In rejecting legislation on computer and software patents Wednesday, the European Parliament closes the door on patent reform -- and, opponents say, on the threat of a stifling software patent "gold rush" among large, wealthy corporations.
In rejecting legislation on computer and software patents Wednesday, the European Parliament closed the door on patent reform. Most campaigners who lobbied for or against the legislation said they would accept the outcome and some hailed resolution of the four-year debate.

"The dust will have to settle," said Florian Mueller, who spearheaded an effort to outlaw patents for software. "It's too early to say what will happen now. It's possible nothing will happen on the legislative level for years."

Parliament had been scheduled to vote on some 60 amendments on patents when European political party leaders got together Tuesday night and agreed to abandon the proposal. If approved, the complicated proposal, including amendments, would have had to navigate a daunting maze of additional political and legislative hurdles.

The debate attracted companies big and small, as well as different countries, politicians, and individuals. The status quo--much of it based on EU patent legislation created in 1973, just as software was being unbundled from hardware--is likely to continue. Some close to the debate saw the Legislature's non-action as a lost opportunity, however.

"Today's decision also represents a lost opportunity for Europe to establish a common ground for high-tech innovation that would help foster further successes and development," said Simon Gentry of a group called the Campaign for Creativity.

Mueller, who founded lobbying organization Nosoftwarepatents.com, said the non-decision by Parliament is likely to mean there will be scant litigation over software patents, because there is no extensive legislation governing software. He said: "It's a strange situation in Europe now, because the legal status [of software patents] is uncertain," said Mueller.

Generally, large companies with extensive patent portfolios, such as Microsoft, SAP, and Nokia, wanted Parliament to grant increased patent protection, while many small and medium-size companies argued that a relaxed patent policy would encourage them to innovate.

The proposed legislation, the Computer Implemented Inventions Directive, was formulated in 2001, but it underwent several revisions.

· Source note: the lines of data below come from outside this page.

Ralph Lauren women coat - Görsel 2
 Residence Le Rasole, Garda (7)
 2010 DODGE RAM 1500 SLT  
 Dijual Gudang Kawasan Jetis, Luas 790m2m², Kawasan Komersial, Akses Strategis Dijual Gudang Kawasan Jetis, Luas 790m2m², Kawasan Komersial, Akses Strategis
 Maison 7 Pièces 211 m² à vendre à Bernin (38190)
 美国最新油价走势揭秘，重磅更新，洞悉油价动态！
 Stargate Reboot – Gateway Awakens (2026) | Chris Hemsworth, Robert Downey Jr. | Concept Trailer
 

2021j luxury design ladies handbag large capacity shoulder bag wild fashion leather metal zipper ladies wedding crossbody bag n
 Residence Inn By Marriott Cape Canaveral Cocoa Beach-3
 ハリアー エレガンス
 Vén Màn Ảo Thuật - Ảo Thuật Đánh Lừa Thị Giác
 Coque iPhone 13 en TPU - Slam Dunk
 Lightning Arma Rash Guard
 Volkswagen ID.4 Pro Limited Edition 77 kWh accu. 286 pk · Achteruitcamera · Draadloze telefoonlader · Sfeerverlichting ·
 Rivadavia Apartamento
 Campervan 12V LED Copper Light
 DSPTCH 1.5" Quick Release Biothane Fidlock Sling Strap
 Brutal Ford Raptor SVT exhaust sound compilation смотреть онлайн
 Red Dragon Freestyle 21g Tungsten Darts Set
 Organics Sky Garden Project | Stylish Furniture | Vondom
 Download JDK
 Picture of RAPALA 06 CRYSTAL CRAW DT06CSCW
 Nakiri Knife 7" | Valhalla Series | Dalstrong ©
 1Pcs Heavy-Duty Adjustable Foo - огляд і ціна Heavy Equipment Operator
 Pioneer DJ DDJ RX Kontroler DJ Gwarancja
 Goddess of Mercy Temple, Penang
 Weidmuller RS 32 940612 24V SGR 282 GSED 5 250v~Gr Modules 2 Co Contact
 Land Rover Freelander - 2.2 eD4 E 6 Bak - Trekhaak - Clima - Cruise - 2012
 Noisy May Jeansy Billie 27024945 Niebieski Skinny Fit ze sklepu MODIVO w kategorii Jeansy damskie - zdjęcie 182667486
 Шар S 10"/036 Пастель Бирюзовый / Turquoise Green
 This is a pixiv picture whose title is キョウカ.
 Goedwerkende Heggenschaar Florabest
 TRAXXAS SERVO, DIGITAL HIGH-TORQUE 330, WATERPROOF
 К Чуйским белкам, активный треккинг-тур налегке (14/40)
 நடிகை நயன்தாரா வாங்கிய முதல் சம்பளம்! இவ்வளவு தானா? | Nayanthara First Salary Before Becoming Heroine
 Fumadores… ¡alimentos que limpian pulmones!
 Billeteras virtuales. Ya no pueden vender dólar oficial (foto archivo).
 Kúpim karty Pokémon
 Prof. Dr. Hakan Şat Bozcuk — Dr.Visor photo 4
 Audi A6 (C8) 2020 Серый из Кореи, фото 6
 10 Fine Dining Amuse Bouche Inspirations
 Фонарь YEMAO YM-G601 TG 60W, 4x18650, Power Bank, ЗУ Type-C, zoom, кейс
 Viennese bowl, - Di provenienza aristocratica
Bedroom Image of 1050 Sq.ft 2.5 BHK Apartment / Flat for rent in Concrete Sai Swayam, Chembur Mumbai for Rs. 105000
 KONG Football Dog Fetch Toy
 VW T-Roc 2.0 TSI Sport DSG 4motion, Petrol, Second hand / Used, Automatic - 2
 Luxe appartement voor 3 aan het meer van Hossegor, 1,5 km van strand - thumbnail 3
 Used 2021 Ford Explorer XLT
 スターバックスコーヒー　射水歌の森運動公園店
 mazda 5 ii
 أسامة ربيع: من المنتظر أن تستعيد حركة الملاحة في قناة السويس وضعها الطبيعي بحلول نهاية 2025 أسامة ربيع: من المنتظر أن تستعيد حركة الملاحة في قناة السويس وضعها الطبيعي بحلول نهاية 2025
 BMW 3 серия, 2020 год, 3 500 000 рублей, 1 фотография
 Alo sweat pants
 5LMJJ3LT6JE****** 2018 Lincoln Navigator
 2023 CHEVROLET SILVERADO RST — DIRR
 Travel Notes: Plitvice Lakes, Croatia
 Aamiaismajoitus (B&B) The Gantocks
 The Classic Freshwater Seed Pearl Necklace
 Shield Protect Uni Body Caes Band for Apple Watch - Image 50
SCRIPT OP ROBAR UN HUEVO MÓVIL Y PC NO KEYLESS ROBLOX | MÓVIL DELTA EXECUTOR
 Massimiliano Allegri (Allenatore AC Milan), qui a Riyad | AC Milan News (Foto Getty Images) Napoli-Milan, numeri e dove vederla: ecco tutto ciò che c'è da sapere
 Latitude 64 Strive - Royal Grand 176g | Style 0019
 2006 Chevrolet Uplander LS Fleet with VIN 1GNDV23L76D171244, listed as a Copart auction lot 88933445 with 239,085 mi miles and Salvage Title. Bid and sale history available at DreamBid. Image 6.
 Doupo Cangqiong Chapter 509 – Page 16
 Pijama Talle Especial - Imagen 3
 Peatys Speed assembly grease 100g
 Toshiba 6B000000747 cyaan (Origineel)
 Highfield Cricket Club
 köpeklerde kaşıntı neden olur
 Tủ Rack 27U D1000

While organizations representing a gamut of software interests, from big corporations to small companies to individual open-source developers, generally said Parliament's vote was acceptable, there were those who predicted gloom and doom. "To fail to legislate at all would leave the industry to the mercy of the European Patent Office, the courts, and panels of the World Trade Organization," said U.K. Member of Parliament Andrew Duff, who was quoted by the BBC. "That could be a costly, legalistic, and confusing situation."